====== Given data ======

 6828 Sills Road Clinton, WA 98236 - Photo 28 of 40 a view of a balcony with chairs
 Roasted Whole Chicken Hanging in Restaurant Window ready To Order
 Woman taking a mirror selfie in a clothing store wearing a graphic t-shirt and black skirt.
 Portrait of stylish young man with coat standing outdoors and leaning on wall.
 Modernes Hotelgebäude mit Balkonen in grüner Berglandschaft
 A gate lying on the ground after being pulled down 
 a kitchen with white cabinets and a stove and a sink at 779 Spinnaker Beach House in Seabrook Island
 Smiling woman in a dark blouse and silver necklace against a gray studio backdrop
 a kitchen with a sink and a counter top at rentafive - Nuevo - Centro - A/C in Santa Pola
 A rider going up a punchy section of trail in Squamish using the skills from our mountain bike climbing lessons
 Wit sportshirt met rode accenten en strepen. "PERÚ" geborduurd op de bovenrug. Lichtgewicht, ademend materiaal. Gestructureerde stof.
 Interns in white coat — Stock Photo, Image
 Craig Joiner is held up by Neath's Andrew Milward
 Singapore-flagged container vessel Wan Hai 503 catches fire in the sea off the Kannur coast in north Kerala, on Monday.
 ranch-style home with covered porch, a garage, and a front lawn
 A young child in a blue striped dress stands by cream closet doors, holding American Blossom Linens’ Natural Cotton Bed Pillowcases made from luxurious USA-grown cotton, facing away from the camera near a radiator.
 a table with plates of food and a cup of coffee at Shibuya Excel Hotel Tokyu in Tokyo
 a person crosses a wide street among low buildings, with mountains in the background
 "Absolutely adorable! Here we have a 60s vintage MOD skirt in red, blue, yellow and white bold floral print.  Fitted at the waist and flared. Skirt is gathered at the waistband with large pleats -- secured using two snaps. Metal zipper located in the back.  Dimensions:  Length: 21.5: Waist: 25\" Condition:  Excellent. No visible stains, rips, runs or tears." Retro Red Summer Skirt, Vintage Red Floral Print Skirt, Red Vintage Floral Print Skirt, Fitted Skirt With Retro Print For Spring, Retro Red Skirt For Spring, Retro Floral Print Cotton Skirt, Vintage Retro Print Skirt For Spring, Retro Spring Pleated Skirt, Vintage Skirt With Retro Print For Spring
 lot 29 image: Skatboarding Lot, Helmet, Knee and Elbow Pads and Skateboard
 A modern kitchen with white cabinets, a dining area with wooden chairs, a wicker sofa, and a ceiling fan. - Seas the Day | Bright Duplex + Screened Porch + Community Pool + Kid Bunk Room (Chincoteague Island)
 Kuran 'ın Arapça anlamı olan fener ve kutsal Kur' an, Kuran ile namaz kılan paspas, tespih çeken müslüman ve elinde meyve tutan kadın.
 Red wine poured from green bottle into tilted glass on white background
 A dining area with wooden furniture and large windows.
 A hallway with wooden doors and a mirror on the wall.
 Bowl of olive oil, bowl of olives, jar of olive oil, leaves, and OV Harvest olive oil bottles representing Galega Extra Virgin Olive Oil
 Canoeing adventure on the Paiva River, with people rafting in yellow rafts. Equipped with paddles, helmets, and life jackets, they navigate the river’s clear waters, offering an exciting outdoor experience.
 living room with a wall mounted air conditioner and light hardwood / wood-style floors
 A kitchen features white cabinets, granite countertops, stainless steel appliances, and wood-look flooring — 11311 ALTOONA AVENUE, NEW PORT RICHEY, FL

======

*What you will do*. Quote the data above from the line containing "Woman taking a" to the line containing "Singapore-flagged container vessel", inclusive, and stop.

*Output*.
 Woman taking a mirror selfie in a clothing store wearing a graphic t-shirt and black skirt.
 Portrait of stylish young man with coat standing outdoors and leaning on wall.
 Modernes Hotelgebäude mit Balkonen in grüner Berglandschaft
 A gate lying on the ground after being pulled down 
 a kitchen with white cabinets and a stove and a sink at 779 Spinnaker Beach House in Seabrook Island
 Smiling woman in a dark blouse and silver necklace against a gray studio backdrop
 a kitchen with a sink and a counter top at rentafive - Nuevo - Centro - A/C in Santa Pola
 A rider going up a punchy section of trail in Squamish using the skills from our mountain bike climbing lessons
 Wit sportshirt met rode accenten en strepen. "PERÚ" geborduurd op de bovenrug. Lichtgewicht, ademend materiaal. Gestructureerde stof.
 Interns in white coat — Stock Photo, Image
 Craig Joiner is held up by Neath's Andrew Milward
 Singapore-flagged container vessel Wan Hai 503 catches fire in the sea off the Kannur coast in north Kerala, on Monday.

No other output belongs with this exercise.